Researchers from Italy's Politecnico di Milano, working with the EssilorLuxottica Smart Eyewear Lab, have come up with a new approach to running tiny machine learning (tinyML) models on-sensor — and say it can deliver an 11 percent reduction in power draw without any adverse impact on the accuracy of its results.
"Despite their state-of-the-art performance in many tasks, none of the current solutions in the literature aims to optimize the implementation of Convolutional Neural Networks (CNNs) operating directly into sensors," the research team claims. "In this paper, we introduce for the first time in the literature the optimized design and implementation of Depth-First CNNs operating on the Intelligent Sensor Processing Unit (ISPU) within an Inertial Measurement Unit (IMU) by STMicroelectronics."
The focus of the team's efforts is STMicro's LSM6DSO16IS, a six-axis inertial measurement unit with three-axis accelerometer and three-axis gyroscope — and, more importantly, STMicro's ISPU, an "Intelligent Sensor Processing Unit" that allows the user to run "signal processing and AI algorithms" on the sensor itself rather than farming the job out to an external processor.
The smart IMU was connected to an STM32 Nucleo-64 development board's STM32F411RE microcontroller for the purposes of the team's experimentation, though the microcontroller was programmed to remain asleep until interrupted.
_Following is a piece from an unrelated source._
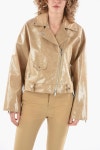 Jacket 829031 brown | TRENBE 스탠드스튜디오-자켓 푸퍼... Quited Faux-Leather Puffer Jacket 829031 brown | TRENBE | www.trenbe.com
The team's approach doesn't rely wholly on the sensor's ISPU, though, but instead uses a convolutional neural network model that the researchers describe as being partitioned between the ISPU and the host microcontroller — using an "early-exit" mechanism to have the ISPU cease computation once a minimum confidence level has been reached.
During testing, the team found the new approach to have measurable benefits: the setup required only 4.8mA, on average, to perform the model's inference — a reduction of 11 percent compared to the standard microcontroller-focused approach. Despite this, the researchers report, the accuracy was equivalent between the two approaches.
The team's work is detailed in a preprint on Cornell's arXiv server.